Nel corso dell’ultimo anno eni ha contribuito attivamente a numerose mostre ed esposizioni sia in Italia sia all’estero, oltre ad aver stretto accordi di partnership con istituzioni di primaria importanza come il museo del Louvre di Parigi, di cui è mécène exceptionnel. Proprio nell’ambito di questa partnership eni ha portato in Italia, prima a Milano (a Palazzo Marino) e poi a Roma (nell’ambito della mostra “Il Potere e la Grazia - I Santi Patroni d’Europa”, resa gratuita per l’occasione per l’intero mese di gennaio), il San Giovanni Battista, una delle opere più enigmatiche di Leonardo da Vinci. Gli oltre 180.000 visitatori di Milano e i 72.000 di Roma hanno confermato come la scelta di promuovere e realizzare un evento artistico unico, gratuito e aperto a tutti sia stata apprezzata al di là di ogni aspettativa. L’idea è stata quella di ripetere, con un protagonista diverso, il successo ottenuto nel 2008 con l’esposizione gratuita, sempre della durata di un mese e sempre a Palazzo Marino, della Conversione di Saulo di Caravaggio e capace di riscuotere già allora un eccezionale successo di pubblico (oltre 162.000 i visitatori).
Nelle stanze del Louvre eni ha invece promosso e realizzato tra il settembre 2009 e l’inizio di quest’anno la mostra “Tiziano, Tintoretto, Veronese…rivalità a Venezia”, che ha visto esposti ottantacinque quadri - tra cui numerosi capolavori provenienti dai musei più prestigiosi al mondo - presentati al pubblico per dare evidenza a questa nobile rivalità mettendo a confronto opere con lo stesso soggetto o con soggetti equivalenti, con l'obiettivo di dimostrare quanto gli artisti si influenzassero o, al contrario, si diversificassero per proporre una visione personale dei temi interpretati.

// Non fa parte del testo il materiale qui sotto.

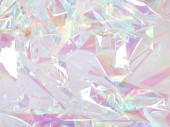 Irisfolie B 70cm, L 10m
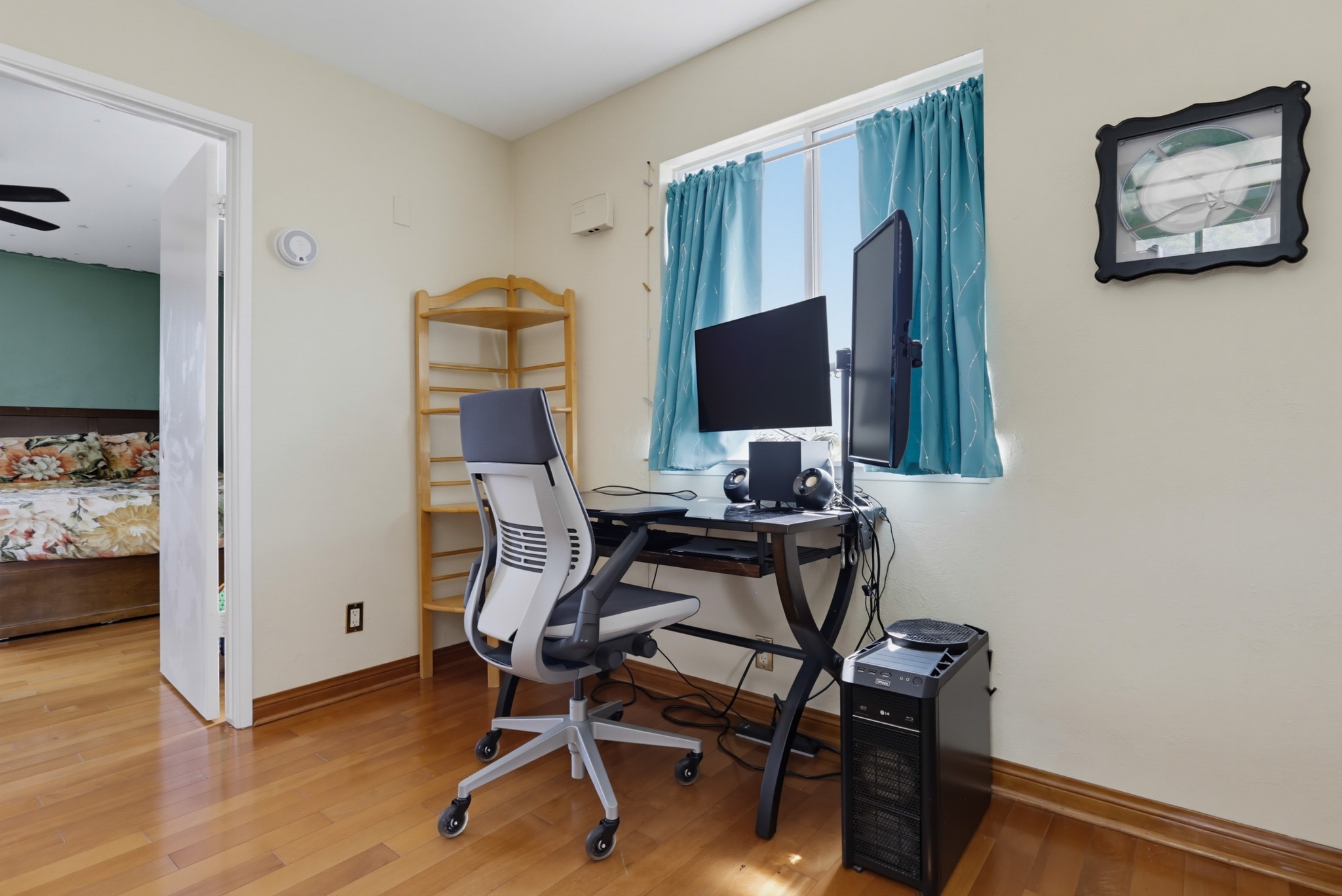 Virtual tour photo 32 of 40 for 5736 Laramie Way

Nell’ampia partnership instaurata con il Louvre eni è anche stata Mécène Principal della mostra "Mantegna (1431-1506)" tenutasi proprio nel museo parigino dal 26 settembre 2008 al 5 gennaio 2009. Per la prima volta in Francia un'esposizione monografica ha ripercorso, attraverso un percorso cronologico e 190 capolavori, l'età e le opere e di uno tra gli artisti più rappresentativi del Rinascimento italiano, che tanto ha contribuito al rinnovamento del linguaggio figurativo in Italia e nel resto d'Europa. L’esposizione ha ottenuto un grande successo di pubblico: 320.586 visitatori con una media di 3.728 al giorno.